Stop Creditor Harassment
Creditor harassment is one of the most common complaints by consumers when asked about debt collection. Debt collectors use abuse tactics to harass and frighten consumers into paying debts they cannot afford to pay. Endless phone calls, threatening letters, contacting you at your place of employment, and even sending someone to your home are just some of the actions debt collectors take. Filing bankruptcy stops these actions immediately and prevents creditors from taking any other action to collect the debt.
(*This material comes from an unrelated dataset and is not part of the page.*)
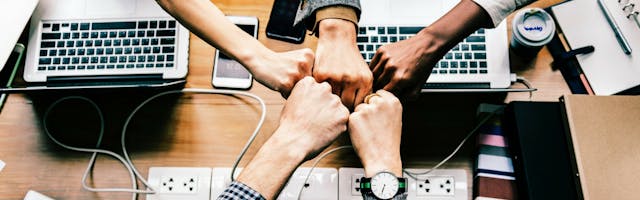 /7-secrets-of-fruitful-cooperation-with-it-outsourcing-company-from-the-insiders-907ba7e91fdf feature image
You Have an Ally To Talk With About Your Debt Problems
When you are dealing with debt problems, you feel alone. Meeting with a bankruptcy attorney to discuss your options gives you an ally to provide support and guidance. It is a huge relief to know that someone understands your situation and is willing to help you find a permanent solution to your debt problems.
Stop Wage Garnishments
When you file bankruptcy, creditors cannot garnish your wages for debts. You need the money you earn to provide for you and your family. Bankruptcy will stop garnishments and eliminate the debt permanently.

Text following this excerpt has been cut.